Consider left top $2.00\Omega$ resistor as $R_1$, left bottom $2.00\Omega$ resistor as $R_2$, middle $2.00\Omega$ resistor as $R_3$, $3.00\Omega$ resistor as $R_4$ and $6.00\Omega$ resistor as $R_5$.

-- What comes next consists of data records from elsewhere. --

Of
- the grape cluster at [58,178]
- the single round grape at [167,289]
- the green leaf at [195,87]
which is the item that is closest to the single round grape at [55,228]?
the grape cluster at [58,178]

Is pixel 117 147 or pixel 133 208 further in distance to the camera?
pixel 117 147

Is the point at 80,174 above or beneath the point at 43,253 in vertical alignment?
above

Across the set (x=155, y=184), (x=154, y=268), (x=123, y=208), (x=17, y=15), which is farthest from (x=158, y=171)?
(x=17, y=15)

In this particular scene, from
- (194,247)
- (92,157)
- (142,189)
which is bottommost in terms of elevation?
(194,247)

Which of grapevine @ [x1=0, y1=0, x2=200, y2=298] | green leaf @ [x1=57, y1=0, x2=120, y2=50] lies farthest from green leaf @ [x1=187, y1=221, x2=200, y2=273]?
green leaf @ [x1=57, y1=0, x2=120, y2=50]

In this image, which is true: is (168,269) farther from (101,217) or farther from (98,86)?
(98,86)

For ammeter ${\text{A}}_{\text{1}}$, the resistors $R_3$, $R_4$ and $R_5$ are in parallel then the equivalent resistance is,

$\begin{array}{l}\frac{1}{R\text{'}}=\frac{1}{R_3}+\frac{1}{R_4}+\frac{1}{R_5}\\ R\text{'}={\left(\frac{1}{R_3}+\frac{1}{R_4}+\frac{1}{R_5}\right)}^{-1}\end{array}$

This resistance is in series with $R_1$ and $R_2$, then the total equivalent resistance is,

$R_{eq}=R_1+R\text{'}+R_2$

Substitute the value of $R\text{'}$ in the above equation.

$R_{eq}=R_1+{\left(\frac{1}{R_3}+\frac{1}{R_4}+\frac{1}{R_5}\right)}^{-1}+R_2$ (II)

Conclusion:

Substitute $2.00\Omega$ for $R_1$, $2.00\Omega$ for $R_2$, $2.00\Omega$ for $R_3$, $3.00\Omega$ for $R_4$ and $6.00\Omega$ for $R_5$ in equation II.

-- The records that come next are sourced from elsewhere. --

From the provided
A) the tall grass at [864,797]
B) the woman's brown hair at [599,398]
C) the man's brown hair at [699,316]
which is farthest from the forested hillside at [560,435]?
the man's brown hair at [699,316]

$\begin{array}{c}{R}_{eq}=2.00\Omega +{\left(\frac{1}{2.00\Omega }+\frac{1}{3.00\Omega }+\frac{1}{6.00\Omega }\right)}^{-1}+2.00\Omega \\ =5.00\Omega \end{array}$

Substitute $5.00\Omega$ for $R_{eq}$ and $10.0\text{ V}$ for $V$ in equation I.

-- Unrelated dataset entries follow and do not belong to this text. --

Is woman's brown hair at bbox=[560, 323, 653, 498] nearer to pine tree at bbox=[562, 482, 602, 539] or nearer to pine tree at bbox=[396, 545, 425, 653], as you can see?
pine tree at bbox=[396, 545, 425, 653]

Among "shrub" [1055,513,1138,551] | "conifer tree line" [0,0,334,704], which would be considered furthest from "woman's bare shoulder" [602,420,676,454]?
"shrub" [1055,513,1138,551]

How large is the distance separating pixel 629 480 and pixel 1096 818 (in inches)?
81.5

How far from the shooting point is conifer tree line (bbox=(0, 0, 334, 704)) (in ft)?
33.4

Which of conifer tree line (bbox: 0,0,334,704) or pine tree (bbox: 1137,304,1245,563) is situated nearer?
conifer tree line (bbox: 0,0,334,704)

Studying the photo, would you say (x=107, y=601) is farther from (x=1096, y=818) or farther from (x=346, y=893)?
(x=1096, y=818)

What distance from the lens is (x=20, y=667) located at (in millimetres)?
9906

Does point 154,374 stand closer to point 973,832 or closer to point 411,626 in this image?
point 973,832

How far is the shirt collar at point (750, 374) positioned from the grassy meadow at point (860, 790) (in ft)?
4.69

$\begin{array}{c}I=\frac{10.0\text{ V}}{5.00\Omega }\\ =2.00\text{ A}\end{array}$

Therefore, the current through the ammeter ${\text{A}}_{\text{1}}$ is $2.00\text{ A}$.

(b)

To determine

Find the current through the ammeter ${\text{A}}_2$.

Answer to Problem 115P

The current through the ammeter ${\text{A}}_2$ is $1.00\text{ A}$.

Explanation of Solution

Consider left top $2.00\Omega$ resistor as $R_1$, left bottom $2.00\Omega$ resistor as $R_2$, middle $2.00\Omega$ resistor as $R_3$, $3.00\Omega$ resistor as $R_4$ and $6.00\Omega$ resistor as $R_5$.

For ammeter ${\text{A}}_2$, the resistors $R_4$ and $R_5$ are in parallel then the equivalent resistance is,

$\begin{array}{l}\frac{1}{R\text{'}}=\frac{1}{R_4}+\frac{1}{R_5}\\ R\text{'}={\left(\frac{1}{R_4}+\frac{1}{R_5}\right)}^{-1}\end{array}$

Conclusion:

Substitute $2.00\Omega$ for $R_1$, $2.00\Omega$ for $R_2$, $2.00\Omega$ for $R_3$, $3.00\Omega$ for $R_4$ and $6.00\Omega$ for $R_5$ in the above equation.

$\begin{array}{c}R\text{'}={\left(\frac{1}{3.00\Omega }+\frac{1}{6.00\Omega }\right)}^{-1}\\ =2.00\Omega \end{array}$

Thus, the voltage across $R_3$ resistor between the ammeter is same as the $R_4$ and $R_5$ resistors as both of them has $2.00\Omega$ resistance. Then the current will spilt evenly at the first junction.

Then current through ammeter ${\text{A}}_2$ is $\frac{2.00\text{ A}}{2}=1.00\text{ A}$

Therefore, the current through the ammeter ${\text{A}}_2$ is $1.00\text{ A}$.